I exchanged glances with Malric. He cleared his throat. “Your omega side would wake up around that time. You were probably showing signs of it, especially if you were around any unmated alphas. It could have been why your power also came online.”

“Your heat is not a weapon,” I said. “It’s biological. It’s your body doing what it was designed to do. The wanting isn’t dangerous—it isn’t a precursor to harm. It’s just your system trying to complete something that was interrupted before it could finish.”
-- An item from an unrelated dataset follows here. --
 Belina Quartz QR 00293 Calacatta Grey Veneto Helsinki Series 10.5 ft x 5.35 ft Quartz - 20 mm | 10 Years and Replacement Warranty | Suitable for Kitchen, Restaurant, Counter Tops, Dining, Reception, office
She looked at me directly. “I watched you,” she said. “Tonight. I came down the stairs and I”— the flush in her face deepened, not fever this time—“and then the spike…”

“Yes,” I said. “Proximity to alphas during rut can accelerate a suppressed omega’s heat response. Especially if there’s a scentmatch.” I maintained eye contact, as averting my gaze would have seemed like leaving her to face the awkwardness of the discussion alone. “You didn’t do anything wrong. Your body responded to stimuli. That’s all.”

“It doesn’t feel like that’s all,” she said quietly.

“No,” I agreed. “I know it doesn’t.”

Malric moved from his position by the wall—not much, just enough that he was closer to the table than he had been. He didn’t sit. But the adjustment was a concession of something, and I thought she noticed it.

“The word you used,” she said to neither of us in particular. “Omega.” She said it carefully, as if she were weighing each syllable. “I’ve read it. In the library. The histories of the courts. Before…”

“Before the purge,” Malric said.

She looked at him. “He told me they were gone.”

“He eliminated them,” Malric said. “There’s a difference.”